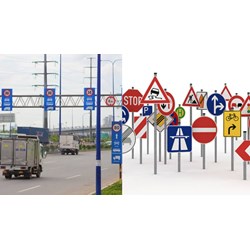 Thứ tự hiệu lực của hệ thống các biển báo giao thông?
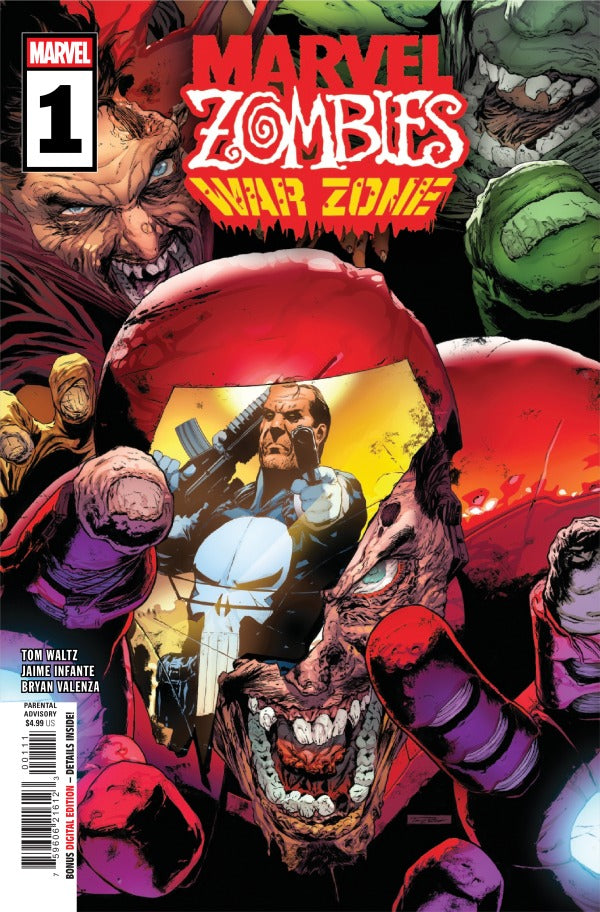 Marvel Zombies: War Zone #1 & Variants (1st Print) Marvel Comics 2026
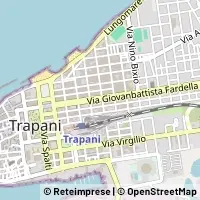 Map Trapani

——————————

* **WORK REQUEST**: Begin at the line containing "Marvel Zombies: War" and stop at the last line of the data. Repeat only those lines, exactly, and leave out the pictures.

* **RESPONSE**:
 Marvel Zombies: War Zone #1 & Variants (1st Print) Marvel Comics 2026
 Map Trapani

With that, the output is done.